Class A-1 Notes and Certificates

$ 65,800,000.00

$ 65,797,058.74

Class A-2 Notes and Certificates

82,639,254.00

82,628,229.92

Class A-3 Notes and Certificates

66,230,948.00

66,218,105.82

Class A-4 Notes and Certificates

65,671,451.00

65,648,886.29

Class A-5 Notes and Certificates

96,537,839.00

96,536,159.24

Class A-6 Notes and Certificates

197,584,137.00

197,544,718.97

Class A-7 Notes and Certificates

83,536,371.00

83,481,128.40

Total

$658,000,000.00

$657,854,287.38

The net offering proceeds to the Trust were $654,728,789: the $657,854,287 net sale price less $3,125,498 of underwriting discount and commission. The Trust used all of the net proceeds from the sale of Certificates to purchase the Notes from the Note Issuer. The net offering proceeds to the Note Issuer were used to purchase the Transition Property. Compensation paid to the independent director of the Note Issuer was $3,800. Other than the payment to the independent director, no additional net offering proceeds were used to pay, either directly or indirectly, any director, officer or affiliate of the Note Issuer.
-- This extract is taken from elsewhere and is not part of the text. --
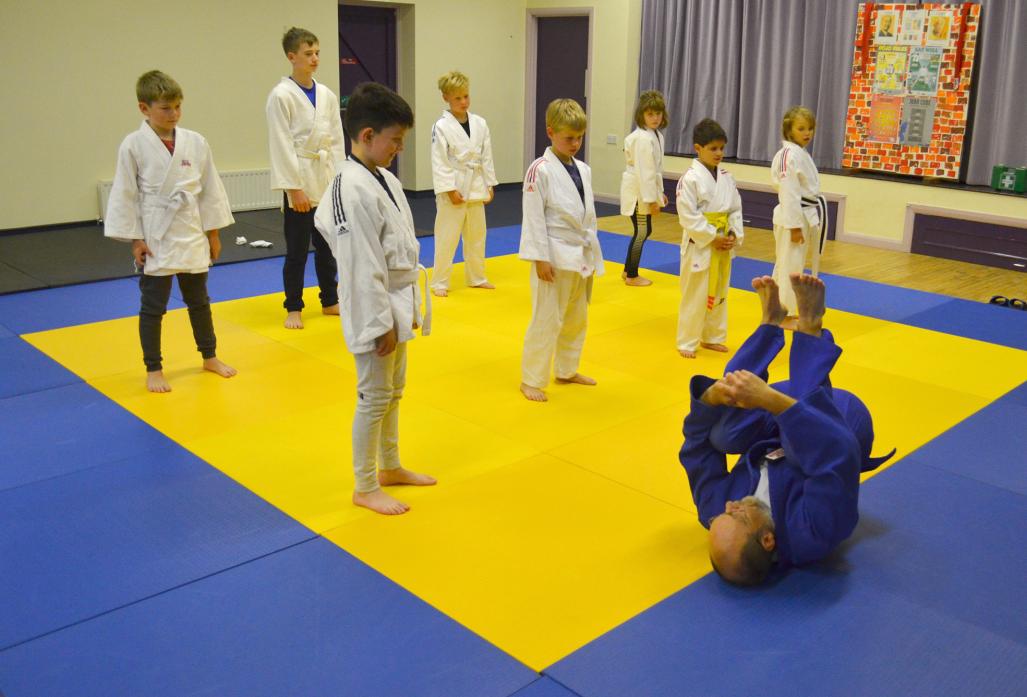 NEW CLASS: Judo instructor Adrian Harding demonstrates a move to junior members of his new class at Ingleton Village Hall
ITEM 6. SELECTED FINANCIAL DATA

Omitted pursuant to Instruction I (Omission of Information by Certain Wholly Owned Subsidiaries) of Form 10-K.

ITEM 7. MANAGEMENT'S NARRATIVE ANALYSIS OF RESULTS OF OPERATIONS

The following analysis of the Note Issuer's results of operations is in an abbreviated format pursuant to Instruction I of Form 10-K.
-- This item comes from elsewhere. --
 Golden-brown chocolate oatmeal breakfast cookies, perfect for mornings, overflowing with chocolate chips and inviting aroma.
As discussed above under Item 1. Business, the Note Issuer was established in July 1997 for limited purposes. As discussed above under Item 5 (Market for Registrant's Common Equity and Related Stockholder Matters), on December 16, 1997, the Note Issuer issued Notes in order to purchase Transition Property. The Note Issuer is restricted by its organizational documents from engaging in activities other than those described in Item 1.

The Note Issuer expects to use collections with respect to the Transition Property to make scheduled principal and interest payments on the Notes. Interest income earned on the Transition Property is expected to offset (1) interest expense on the Notes, (2) amortization of debt-issuance expenses and the discount on the Notes, and (3) the fees charged by SDG&E for servicing the Transition Property and providing administrative services to the Note Issuer. (These agreements are discussed in greater detail in Note D to the Financial Statements attached hereto.)
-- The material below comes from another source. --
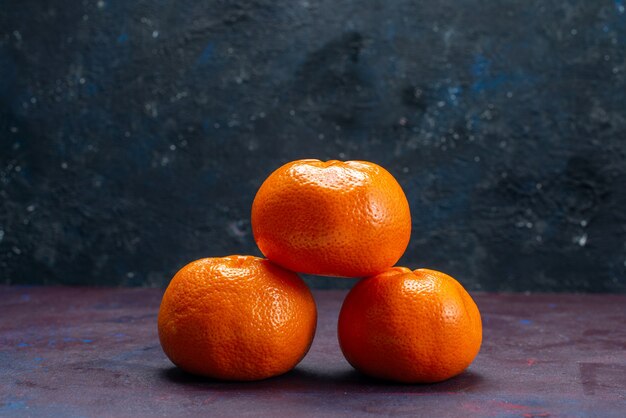 正面図新鮮なジューシーなみかんオレンジ色の暗い机の柑橘類の熱帯のエキゾチックなオレンジ色の果実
Collections of $89,008,000 resulted in a net overcollection for 2004 of $7,051,000 after deducting scheduled principal and interest payments of $80,926,000, $703,000 for servicing fees and other expenses and $328,000 retained to fund the Overcollateralization Account established under the Notes' indenture. Collections of $88,432,000 resulted in a net overcollection for 2003 of $2,115,000 after deducting scheduled principal and interest payments of $85,123,000, $866,000 for servicing fees and other expenses and $328,000 retained to fund the Overcollateralization Account. Collections of $104,556,000 resulted in a net overcollection for 2002 of $10,878,000 after deducting scheduled principal and interest payments of $89,124,000, $1,031,000 for servicing fees and other expenses, $1,645,000 retained to fund the Overcollateralization Account and $1,878,000 retained to fund the Capital Sub-Account that had been depleted during 2001 due to undercollections (described below).

The 2000-2001 California energy crisis resulted in collections of the non-bypassable charge being below anticipated levels, resulting in an undercollection in 2001. The undercollection was deducted from the previous surplus collections, the Overcollateralization Sub-Account and the Capital Sub-Account, in that order, to provide the required funds for principal and interest payments, servicing fees and other expenses. In December 2001, SDG&E reforecasted future consumption patterns and a new FTA rate was set for January 1, 2002 and beyond. The FTA Charges are adjusted at least annually if there is a material shortfall or overage in collections. Management believes that it is reasonable to expect future collections of FTA Charges to be sufficient to make scheduled payments on the Notes and pay related expenses on a timely basis.

ITEM 7A. QUANTITATIVE AND QUALITATIVE DISCLOSURES ABOUT MARKET RISK

None.

ITEM 8. FINANCIAL STATEMENTS AND SUPPLEMENTARY DATA

The financial statements and related financial information required to be filed hereunder are indexed on page 9 of this Annual Report.

Since the Trust is a pass-through entity with no assets other than the Notes, financial statements for the Trust are not included.

Exhibit 99.1 contains financial information regarding collections of FTA Charges by the Servicer for the fourth quarter of 2004.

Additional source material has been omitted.